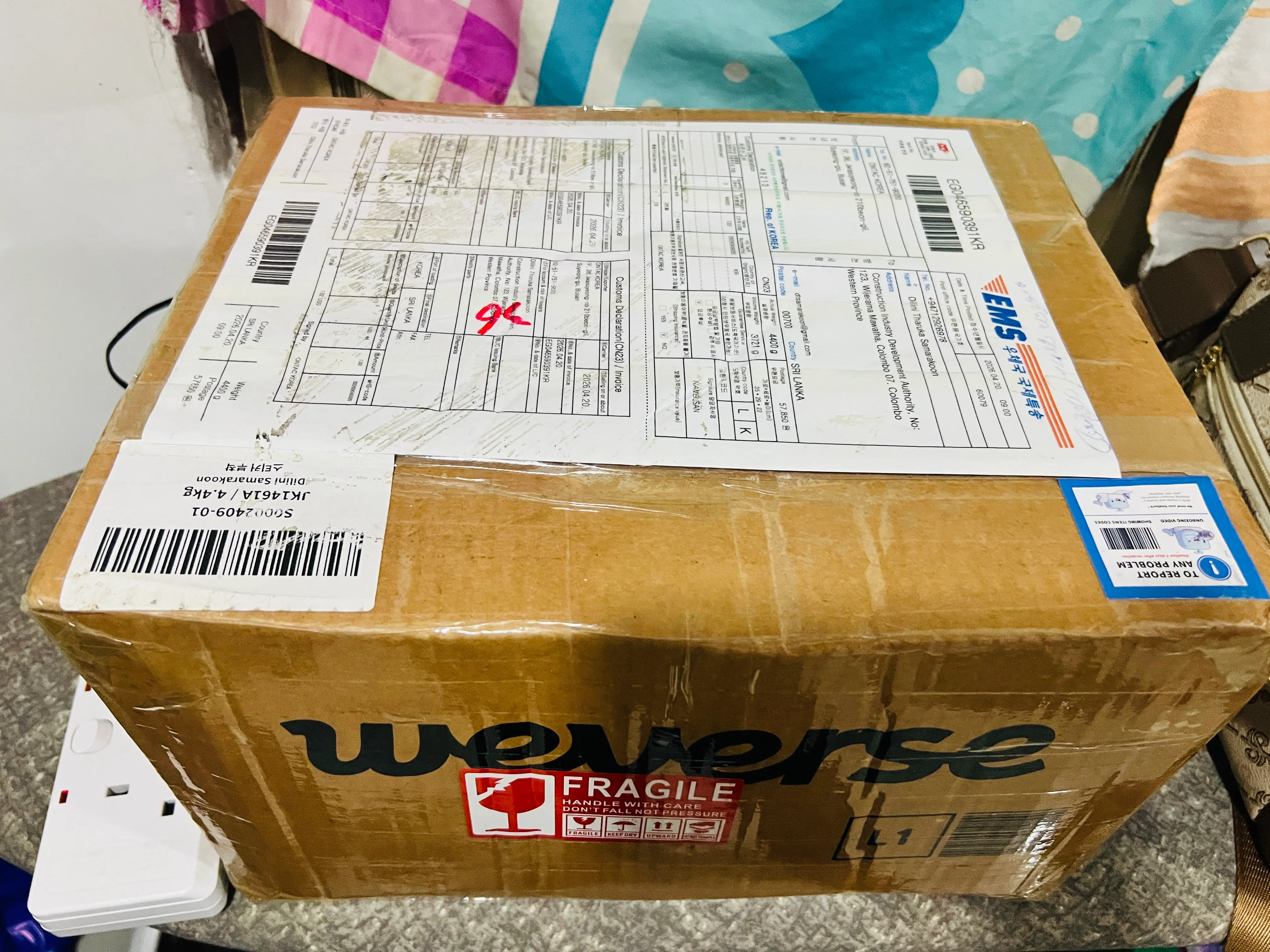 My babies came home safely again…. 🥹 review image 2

• • • • • • •

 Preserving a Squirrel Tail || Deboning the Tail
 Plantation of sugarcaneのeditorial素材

• • • • • • •

▶ [WHAT THE TASK ASKS] Set down again, word for word, the stretch of records from the line with "Preserving a Squirrel" to the line with "Plantation of sugarcaneのeditorial素材", both of those lines included.

▶ [REPLY TO THE TASK]
 Preserving a Squirrel Tail || Deboning the Tail
 Plantation of sugarcaneのeditorial素材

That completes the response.